Essay

Architecture Decision Memo: Unifying Vector-DB RAG and k-NN LM for a Global Policy Assistant

You are leading an architecture review for an internal “Policy & Procedures” assistant used by Legal, HR, and Finance. The assistant must (1) answer questions with citations to the exact policy passages used, (2) stay current as policies change weekly, and (3) support multi-turn chats where later turns depend on earlier answers. Your team proposes a single vector database to support both: (a) a RAG pipeline that retrieves the top-k relevant policy snippets to include in the prompt, and (b) a k-NN language modeling (k-NN LM) component that retrieves nearest-neighbor hidden-state entries to influence next-token prediction during generation.

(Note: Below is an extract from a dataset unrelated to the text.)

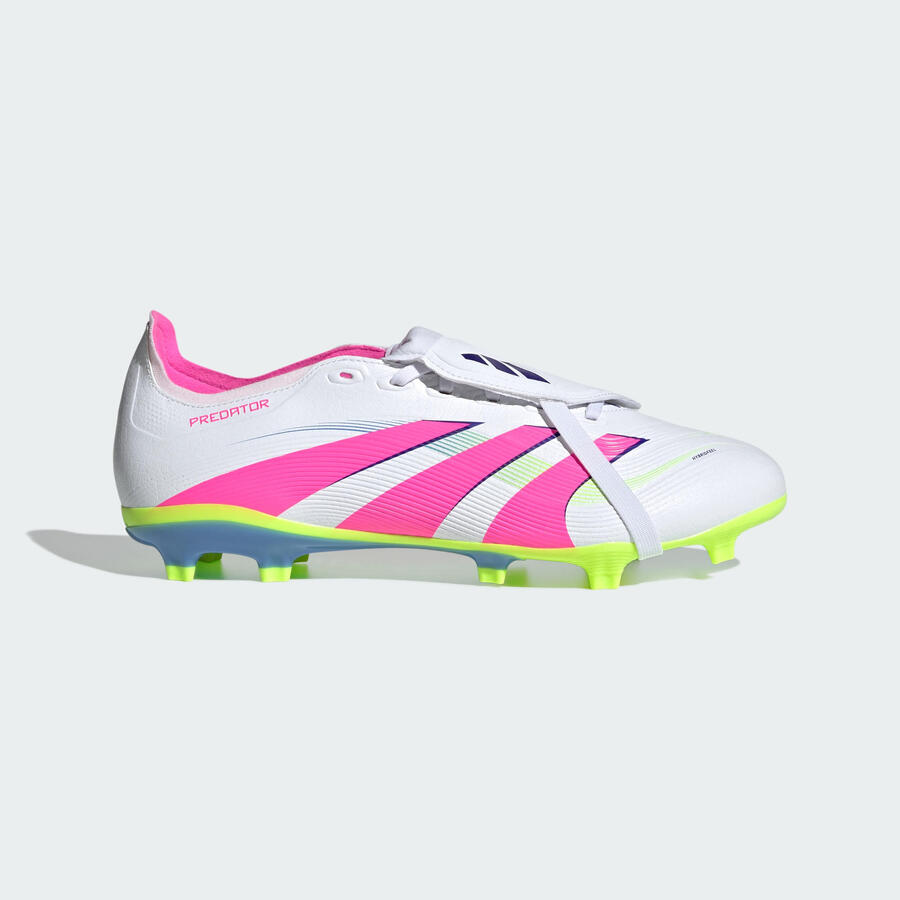 ADIDAS Футбольные бутсы Predator League Fold-Over Tongue FG/MG — фото 2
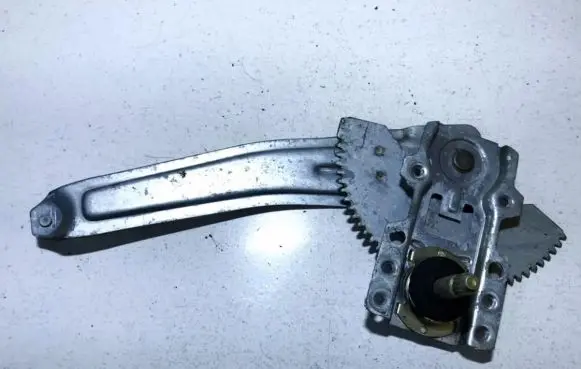 Mazda Demio Sliding door window regulator with motor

Write a decision memo that evaluates whether using one shared vector database for both retrieval paths is a good idea. In your answer, you must:

  • Explain how text retrieval for RAG and k-NN LM differ in what they store as vectors, what the query vector represents, and what the retrieved items are used for.
  • Propose a concrete design (one shared store or two separate stores) and justify it using the grounding/citation requirement and the need for rapid updates.
  • Identify at least two failure modes that could occur if the retrieval design is wrong (e.g., correct-sounding but ungrounded answers, stale policy usage, irrelevant retrieval due to embedding mismatch), and describe how you would detect/mitigate them.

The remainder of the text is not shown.